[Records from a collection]

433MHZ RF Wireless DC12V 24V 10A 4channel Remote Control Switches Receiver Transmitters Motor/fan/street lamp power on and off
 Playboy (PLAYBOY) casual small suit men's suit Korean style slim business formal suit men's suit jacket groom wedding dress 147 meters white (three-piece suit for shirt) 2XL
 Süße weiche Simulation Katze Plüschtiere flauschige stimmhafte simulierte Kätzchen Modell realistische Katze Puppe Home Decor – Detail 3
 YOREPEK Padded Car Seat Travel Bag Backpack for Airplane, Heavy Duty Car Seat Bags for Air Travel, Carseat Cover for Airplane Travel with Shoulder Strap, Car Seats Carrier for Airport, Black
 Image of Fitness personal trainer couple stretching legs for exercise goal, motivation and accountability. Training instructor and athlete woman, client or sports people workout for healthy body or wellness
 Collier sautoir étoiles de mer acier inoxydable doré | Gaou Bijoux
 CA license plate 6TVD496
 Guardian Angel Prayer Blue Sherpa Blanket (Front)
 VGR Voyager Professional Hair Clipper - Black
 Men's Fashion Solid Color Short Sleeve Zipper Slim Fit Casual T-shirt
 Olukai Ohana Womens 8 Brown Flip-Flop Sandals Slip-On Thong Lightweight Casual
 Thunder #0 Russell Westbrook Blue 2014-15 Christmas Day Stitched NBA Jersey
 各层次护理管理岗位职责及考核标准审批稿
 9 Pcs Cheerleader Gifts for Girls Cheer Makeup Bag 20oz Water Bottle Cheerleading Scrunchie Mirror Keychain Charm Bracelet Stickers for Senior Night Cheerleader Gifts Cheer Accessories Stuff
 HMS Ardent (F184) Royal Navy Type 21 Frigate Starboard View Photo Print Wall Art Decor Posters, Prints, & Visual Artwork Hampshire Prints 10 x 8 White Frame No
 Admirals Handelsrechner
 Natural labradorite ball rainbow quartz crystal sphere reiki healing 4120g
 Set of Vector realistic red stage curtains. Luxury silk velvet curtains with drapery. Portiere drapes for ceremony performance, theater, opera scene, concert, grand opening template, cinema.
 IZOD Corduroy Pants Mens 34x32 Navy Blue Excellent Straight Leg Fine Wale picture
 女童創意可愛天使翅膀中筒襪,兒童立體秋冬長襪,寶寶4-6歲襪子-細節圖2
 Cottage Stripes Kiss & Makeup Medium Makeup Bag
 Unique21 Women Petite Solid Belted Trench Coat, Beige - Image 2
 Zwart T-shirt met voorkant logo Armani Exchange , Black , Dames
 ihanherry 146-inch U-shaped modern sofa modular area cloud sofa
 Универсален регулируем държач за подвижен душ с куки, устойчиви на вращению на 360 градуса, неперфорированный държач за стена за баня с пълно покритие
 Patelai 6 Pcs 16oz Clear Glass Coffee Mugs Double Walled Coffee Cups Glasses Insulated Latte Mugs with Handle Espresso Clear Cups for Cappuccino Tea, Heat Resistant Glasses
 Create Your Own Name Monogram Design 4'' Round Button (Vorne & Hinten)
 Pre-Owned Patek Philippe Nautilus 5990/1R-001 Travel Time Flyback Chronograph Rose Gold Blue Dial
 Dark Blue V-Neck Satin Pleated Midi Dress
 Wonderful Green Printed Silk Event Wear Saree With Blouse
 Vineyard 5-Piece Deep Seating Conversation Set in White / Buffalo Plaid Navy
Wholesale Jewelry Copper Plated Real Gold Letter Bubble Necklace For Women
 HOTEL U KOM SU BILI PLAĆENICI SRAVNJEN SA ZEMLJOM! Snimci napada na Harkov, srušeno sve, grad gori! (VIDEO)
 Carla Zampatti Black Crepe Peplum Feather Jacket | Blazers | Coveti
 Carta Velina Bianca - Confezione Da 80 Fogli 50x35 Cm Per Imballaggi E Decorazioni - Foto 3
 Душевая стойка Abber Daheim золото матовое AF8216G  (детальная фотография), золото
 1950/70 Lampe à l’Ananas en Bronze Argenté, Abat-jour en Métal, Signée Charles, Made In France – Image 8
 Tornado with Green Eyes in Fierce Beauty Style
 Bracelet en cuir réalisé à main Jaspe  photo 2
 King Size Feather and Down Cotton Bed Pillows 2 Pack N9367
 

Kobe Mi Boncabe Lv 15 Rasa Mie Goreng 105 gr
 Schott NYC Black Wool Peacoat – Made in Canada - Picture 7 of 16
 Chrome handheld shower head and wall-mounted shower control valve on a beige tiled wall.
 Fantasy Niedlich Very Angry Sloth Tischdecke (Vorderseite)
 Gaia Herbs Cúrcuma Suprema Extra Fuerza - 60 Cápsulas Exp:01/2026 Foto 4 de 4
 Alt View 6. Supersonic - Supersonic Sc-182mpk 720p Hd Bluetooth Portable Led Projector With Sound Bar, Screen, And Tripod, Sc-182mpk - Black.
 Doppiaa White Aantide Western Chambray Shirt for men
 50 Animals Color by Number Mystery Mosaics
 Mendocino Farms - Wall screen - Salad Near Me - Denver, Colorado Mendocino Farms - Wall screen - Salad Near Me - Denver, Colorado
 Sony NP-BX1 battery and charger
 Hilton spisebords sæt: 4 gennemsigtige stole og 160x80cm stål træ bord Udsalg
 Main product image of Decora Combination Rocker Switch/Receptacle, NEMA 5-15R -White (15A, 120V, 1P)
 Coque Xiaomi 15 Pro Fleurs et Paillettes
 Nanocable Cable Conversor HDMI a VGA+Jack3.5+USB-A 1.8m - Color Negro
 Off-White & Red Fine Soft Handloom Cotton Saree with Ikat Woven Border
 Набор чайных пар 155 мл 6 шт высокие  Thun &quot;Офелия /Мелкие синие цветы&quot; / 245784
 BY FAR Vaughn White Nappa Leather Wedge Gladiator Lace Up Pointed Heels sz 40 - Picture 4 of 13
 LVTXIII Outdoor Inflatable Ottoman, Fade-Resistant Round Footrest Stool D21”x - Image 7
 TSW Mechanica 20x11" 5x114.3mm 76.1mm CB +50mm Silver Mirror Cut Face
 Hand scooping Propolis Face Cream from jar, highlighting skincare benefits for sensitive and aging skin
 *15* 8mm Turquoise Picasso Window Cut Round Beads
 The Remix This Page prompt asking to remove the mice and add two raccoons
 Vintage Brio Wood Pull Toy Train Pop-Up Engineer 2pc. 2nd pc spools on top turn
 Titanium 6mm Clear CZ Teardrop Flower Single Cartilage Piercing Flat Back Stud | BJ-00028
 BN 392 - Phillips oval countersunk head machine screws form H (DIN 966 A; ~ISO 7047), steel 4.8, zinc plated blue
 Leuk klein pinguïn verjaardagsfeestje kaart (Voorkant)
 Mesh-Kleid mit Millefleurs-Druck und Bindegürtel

YOUR ASSIGNMENT: Look through the data and gather every line with the string "Green" in it.

FINISHED EXERCISE:
 Wonderful Green Printed Silk Event Wear Saree With Blouse
 Tornado with Green Eyes in Fierce Beauty Style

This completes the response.